**Your task:** Would you repeat the entries below word for word and omit the pictures?

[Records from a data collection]
────────────────
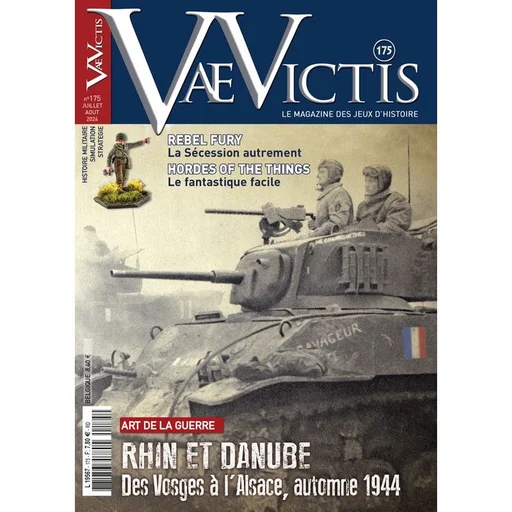 Board game, Rhin et Danube (1944)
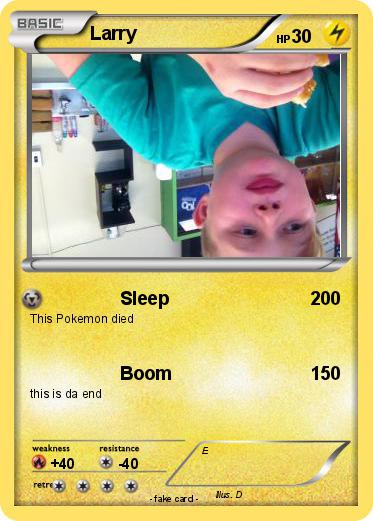 Pokemon Larry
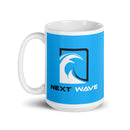 Next Wave glossy mug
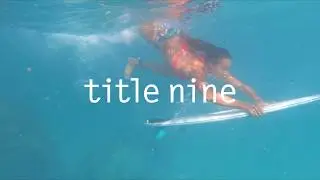 Swim That Knows Who's Boss | Title Nine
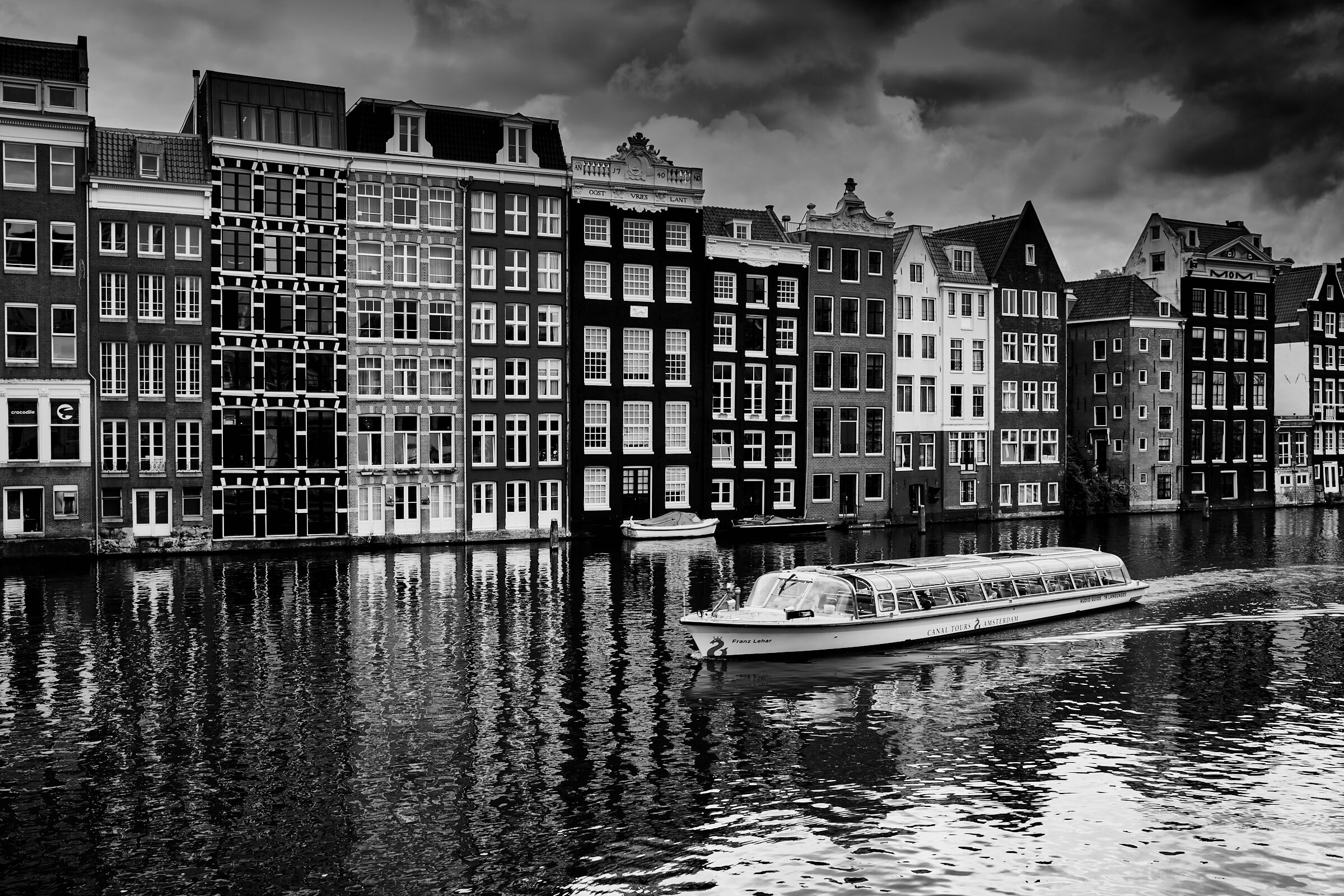 Damrak.... BlackAndWhite Property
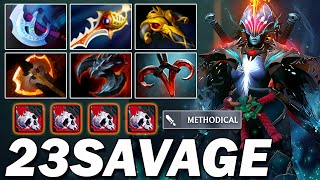 23Savage - Phantom Assassin Amazing Damage | Dota 2 Pro Carry Gameplay!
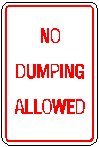 No Dumping Allowed.eps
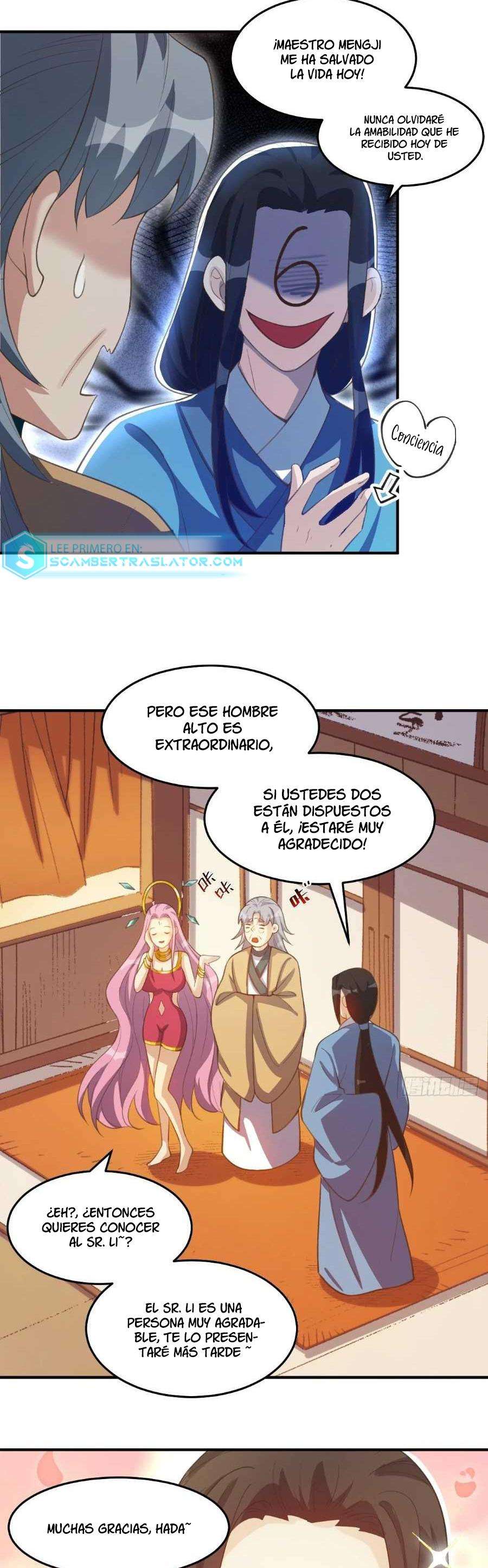 Resulta que soy un Gran Cultivador Capitulo 205 página 14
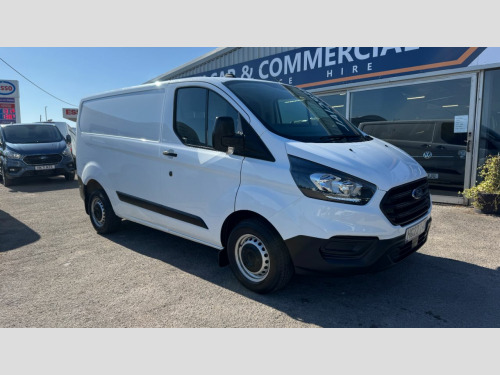 Ford Transit Custom  2.0 EcoBlue 105ps Low Roof Leader Van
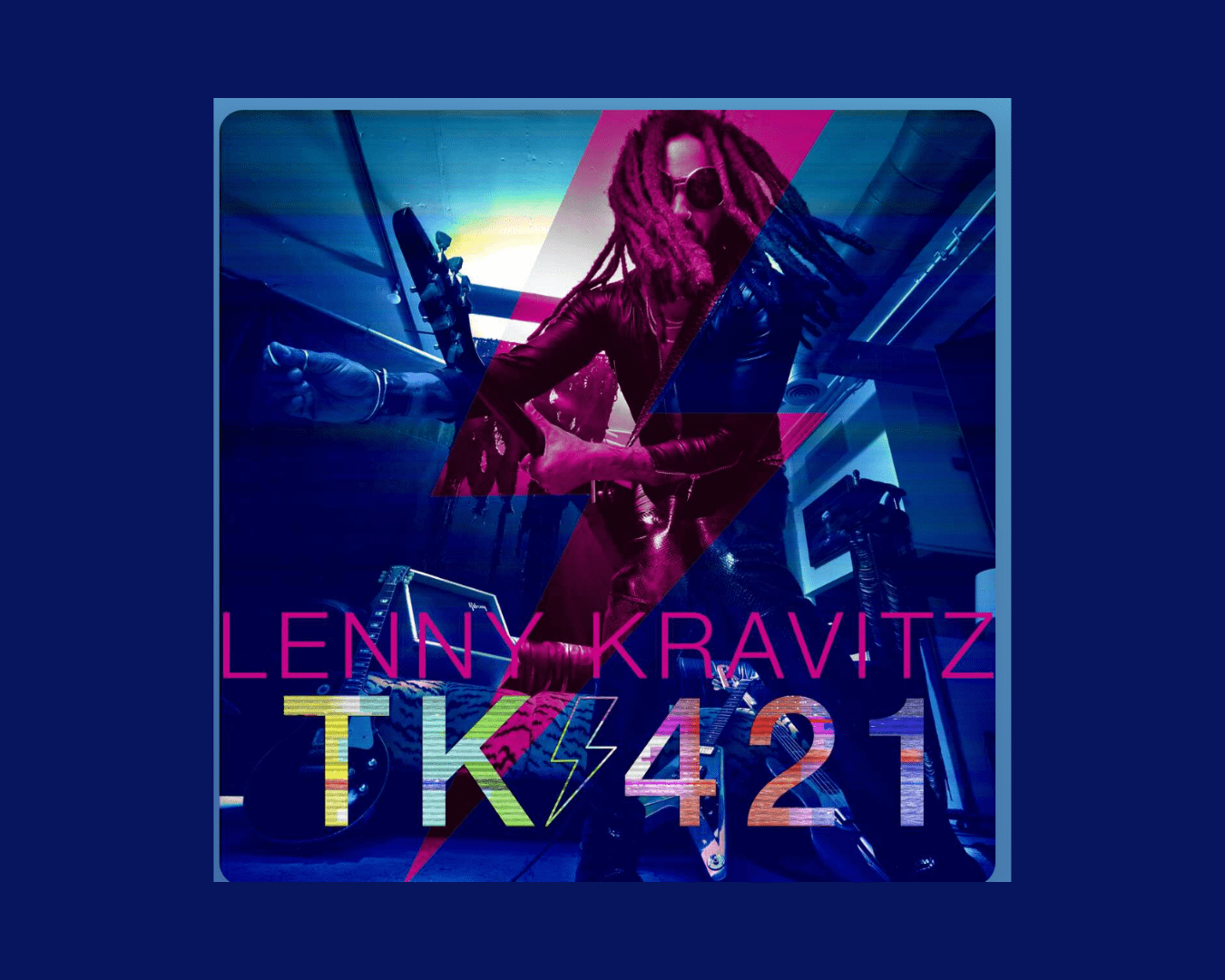 lenny kravitz TK421 cover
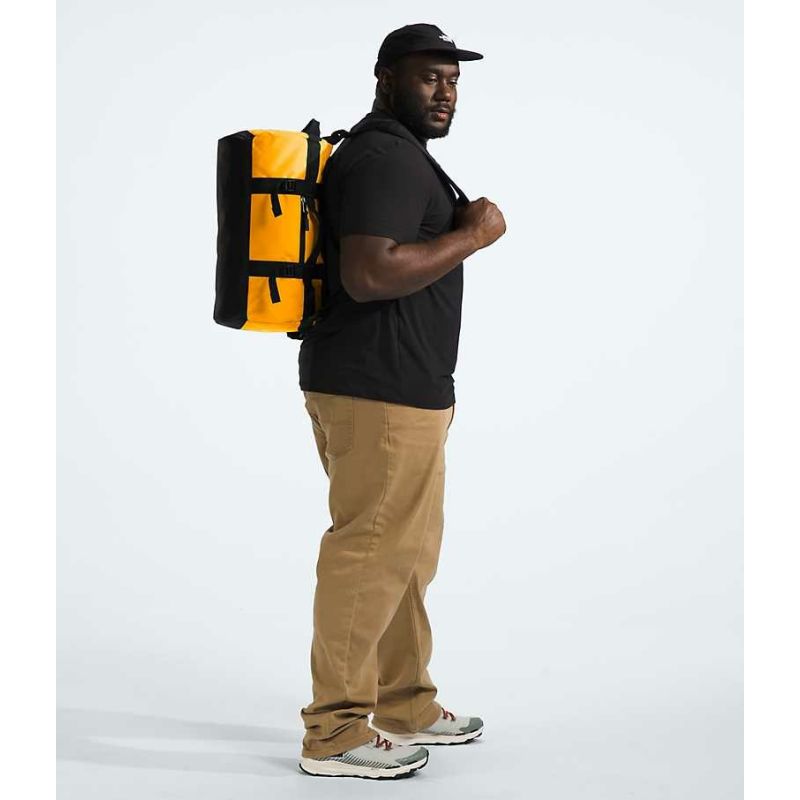 The North Face 31L Nylon, Polyester Sports Black, Yellow sárga táska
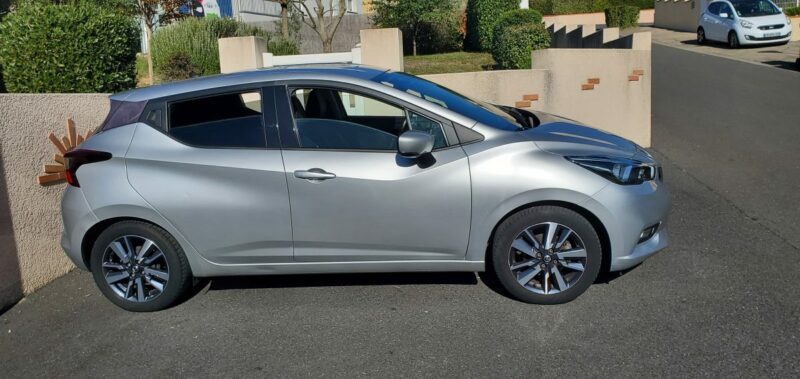 NISSAN MICRA 1.0 IG-T 100  N-CONNECTA GPS RADAR et CAMERA AR CARPLAY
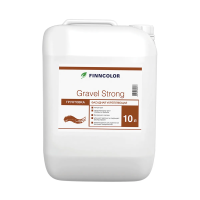 Грунтовка фасадная (концентрат) "GRAVEL STRONG" 10 л (1) "FINNCOLOR"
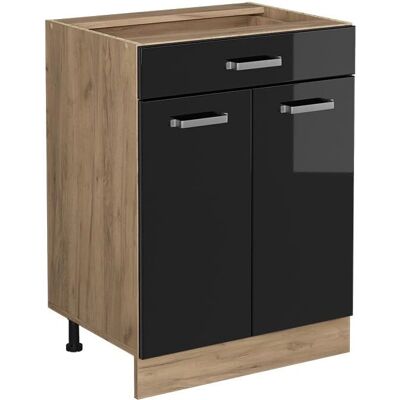 Gabinete de Cocina Vicco R-Line - Ajustable, Brillo Alto, 60cm Gabinete de Cocina Vicco R-Line - Ajustable, Brillo Alto, 60cm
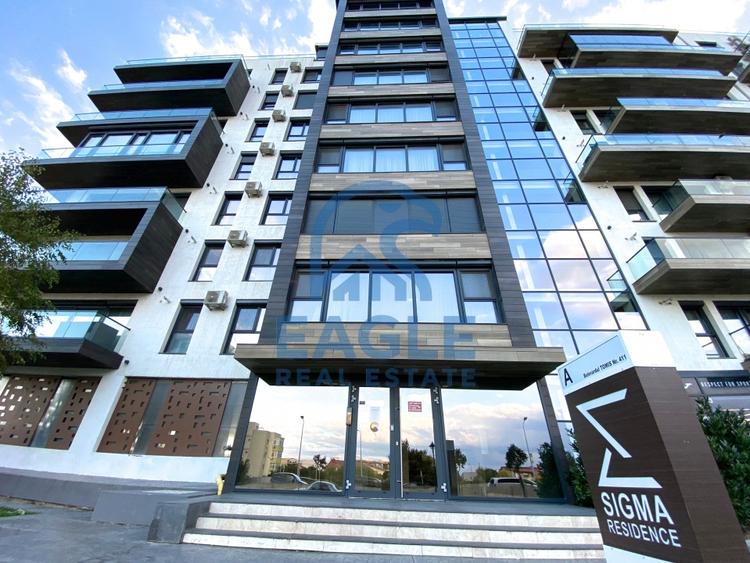 Sigma Residence Tomis Plus - Studio de lux cu parcare subterana - 13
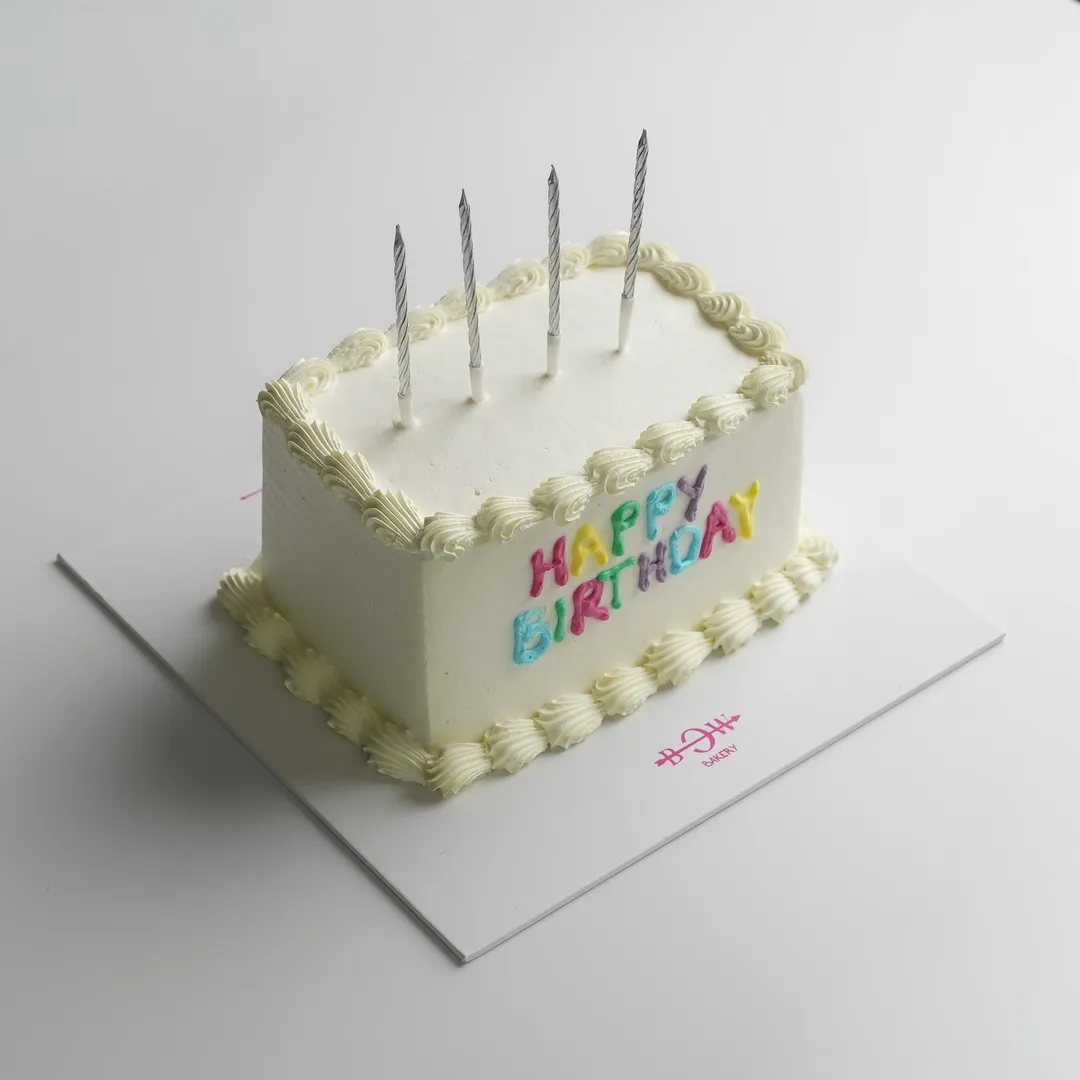 Classic Birthday Cake 🎂✨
────────────────
**Answer box:**
 Board game, Rhin et Danube (1944)
 Pokemon Larry
 Next Wave glossy mug
 Swim That Knows Who's Boss | Title Nine
 Damrak.... BlackAndWhite Property
 23Savage - Phantom Assassin Amazing Damage | Dota 2 Pro Carry Gameplay!
 No Dumping Allowed.eps
 Resulta que soy un Gran Cultivador Capitulo 205 página 14
 Ford Transit Custom  2.0 EcoBlue 105ps Low Roof Leader Van
 lenny kravitz TK421 cover
 The North Face 31L Nylon, Polyester Sports Black, Yellow sárga táska
 NISSAN MICRA 1.0 IG-T 100  N-CONNECTA GPS RADAR et CAMERA AR CARPLAY
 Грунтовка фасадная (концентрат) "GRAVEL STRONG" 10 л (1) "FINNCOLOR"
 Gabinete de Cocina Vicco R-Line - Ajustable, Brillo Alto, 60cm Gabinete de Cocina Vicco R-Line - Ajustable, Brillo Alto, 60cm
 Sigma Residence Tomis Plus - Studio de lux cu parcare subterana - 13
 Classic Birthday Cake 🎂✨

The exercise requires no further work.